What a character can and can’t get away with will be defined by those rules. Now, superpowers whether they are magical or natural add an extra challenge because they ultimately raise the stakes. Magic will get away from you very quickly if it’s not balanced by cost in a fictional world. A character who can do anything, but has no restrictions, ultimately ends up boring because we as the audience has no reason to care about them or worry about whether or not they’ll succeed, whether they’ll survive the next ten minutes.
Realism begins in the restrictions you place on your setting, in the cultures you craft, and how your character reacts as a product of that culture. It’s in how well your plot and character actions sync up in the world you’ve created. After that, the realism of the fight scenes is like icing on top of a very well-made cake. If you don’t have that, then it’s just icing and while great icing is delicious on it’s own, it pales when it compliments a great cake.
I’m actually really hungry right now, I don’t know if you can tell.
Anyway, you have to make sure you don’t let your imagination run away with you and because it’s fantasy, it is ridiculously easy to have that happen. Now, the easiest way I’ve managed to start setting rules (and it’s hard) is to take an RPG system I’m familiar with like GURPS, World of Darkness, or Exalted, pick powers, and just start plugging in numbers. The White Wolf ones are good over D&D because they spear head character development in conjunction with the superpowers. Now, you know what your character can and can’t get away with. Stick to that and follow those rules, track their trajectory and always craft antagonists who are their equal or better. The antagonists will require their own character sheets, even the throw away mooks your character is fighting.
Why? Because every character in the story is there for a reason and a fight is between two or more people. So long as the fight stays within the setting established rules and the character stays within the themes the story has set up, then it’ll be fine. It’ll feel real to the reader. Upgrade your understanding as needed. Be careful. And you’ll be fine.
Honestly, with this, I’d say dig into existing settings and see what they’ve used.
Warhammer 40k comes to mind. The setting dials itself up to parody, but a lot of it underlying logic is actually surprisingly well thought out, and there are a lot of bits you can take inspiration from.
The quality of the tie-in books waffles pretty wildly between completely unreadable and some of the best tie-in fiction I’ve ever read. The Caiaphas Cain novels (by Sandy Mitchell) are a pretty good introduction to the setting, and should give you some ideas. I’m not a huge fan, but Dan Abnettt’s Eisenhorn novels are also a good look at the setting, though you might need to do some outside referencing on a 40k wiki.
The tabletop game itself is expensive as hell to get into, but, you should be able to find some of the army codices cheaply in used bookstores. Those should give you some ideas of what you could outfit your characters with.
As a bonus, 40k does have some fairly good justifications for melee weapons in a distant future setting. That said it is supposed to be a Dark Age fantasy world in space. And there’s a lot of material you’ll probably want to filter out; it IS still a fantasy setting, psykers are Mages, Eldar are Elves, Necrons are Undead, Daemons are demons, and Orks are… well, Orcs. But it could still be useful for giving you ideas.

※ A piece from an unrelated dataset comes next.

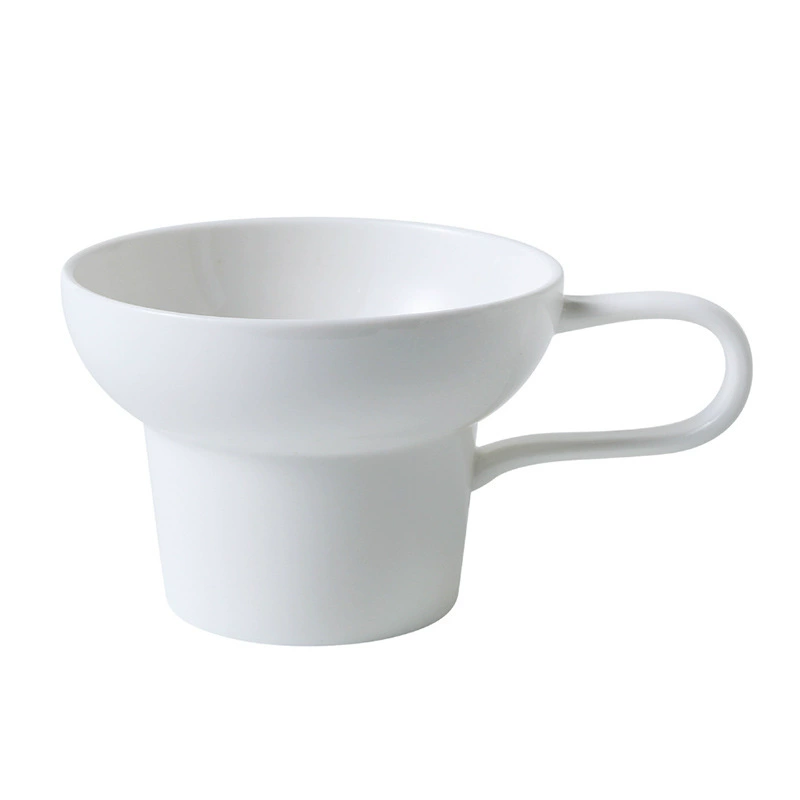 كوب قهوة من البورسلين بأسلوب عتيق tableware view 5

I’d also recommend looking at GURPS. GURPS isn’t a conventional RPG, so much as it’s a toolbox for the GM, and while I’ve never been a fan of the system itself, the research that goes into the average GURPS book, makes them invaluable research tools. I’m not sure if Space, Ultra-Tech, or High-Tech is the book most suited to what you’re doing, but if you can find any of those used, you’ll should have some top notch material to work with.